> Excerpted records:
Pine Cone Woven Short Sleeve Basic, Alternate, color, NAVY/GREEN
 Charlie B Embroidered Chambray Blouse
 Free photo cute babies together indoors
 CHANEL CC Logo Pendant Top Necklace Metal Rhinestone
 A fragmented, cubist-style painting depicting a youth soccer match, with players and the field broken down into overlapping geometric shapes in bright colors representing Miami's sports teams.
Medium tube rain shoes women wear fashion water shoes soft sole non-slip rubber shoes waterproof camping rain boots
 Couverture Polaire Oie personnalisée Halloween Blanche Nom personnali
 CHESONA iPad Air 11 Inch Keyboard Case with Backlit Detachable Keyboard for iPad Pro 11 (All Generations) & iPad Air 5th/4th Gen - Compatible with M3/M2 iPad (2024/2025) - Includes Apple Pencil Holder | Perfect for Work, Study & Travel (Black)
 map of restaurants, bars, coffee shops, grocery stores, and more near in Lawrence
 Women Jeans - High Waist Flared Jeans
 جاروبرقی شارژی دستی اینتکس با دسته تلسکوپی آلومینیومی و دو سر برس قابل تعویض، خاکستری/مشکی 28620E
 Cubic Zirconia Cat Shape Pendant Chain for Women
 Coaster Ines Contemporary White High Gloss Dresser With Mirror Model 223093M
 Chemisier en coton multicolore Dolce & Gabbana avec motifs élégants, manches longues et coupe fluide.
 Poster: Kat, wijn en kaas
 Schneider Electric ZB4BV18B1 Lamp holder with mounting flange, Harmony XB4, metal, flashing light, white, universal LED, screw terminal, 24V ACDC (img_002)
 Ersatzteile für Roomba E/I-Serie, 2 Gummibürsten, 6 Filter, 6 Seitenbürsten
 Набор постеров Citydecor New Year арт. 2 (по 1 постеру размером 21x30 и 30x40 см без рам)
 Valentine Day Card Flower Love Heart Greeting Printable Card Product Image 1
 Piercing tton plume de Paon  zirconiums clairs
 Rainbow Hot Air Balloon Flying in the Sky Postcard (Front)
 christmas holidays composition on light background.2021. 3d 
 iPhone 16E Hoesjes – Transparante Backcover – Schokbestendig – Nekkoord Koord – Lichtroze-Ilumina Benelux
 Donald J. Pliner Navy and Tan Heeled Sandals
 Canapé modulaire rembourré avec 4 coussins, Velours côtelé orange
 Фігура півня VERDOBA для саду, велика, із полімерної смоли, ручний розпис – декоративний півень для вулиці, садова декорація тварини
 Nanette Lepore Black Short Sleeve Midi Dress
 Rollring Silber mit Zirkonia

> Task prompt: Looking at the entries above, can you reproduce exactly the lines from the one that holds "Poster: Kat, wijn en kaas" through the one that holds "iPhone 16E Hoesjes", and only those?

> Result for this exercise:
 Poster: Kat, wijn en kaas
 Schneider Electric ZB4BV18B1 Lamp holder with mounting flange, Harmony XB4, metal, flashing light, white, universal LED, screw terminal, 24V ACDC (img_002)
 Ersatzteile für Roomba E/I-Serie, 2 Gummibürsten, 6 Filter, 6 Seitenbürsten
 Набор постеров Citydecor New Year арт. 2 (по 1 постеру размером 21x30 и 30x40 см без рам)
 Valentine Day Card Flower Love Heart Greeting Printable Card Product Image 1
 Piercing tton plume de Paon  zirconiums clairs
 Rainbow Hot Air Balloon Flying in the Sky Postcard (Front)
 christmas holidays composition on light background.2021. 3d 
 iPhone 16E Hoesjes – Transparante Backcover – Schokbestendig – Nekkoord Koord – Lichtroze-Ilumina Benelux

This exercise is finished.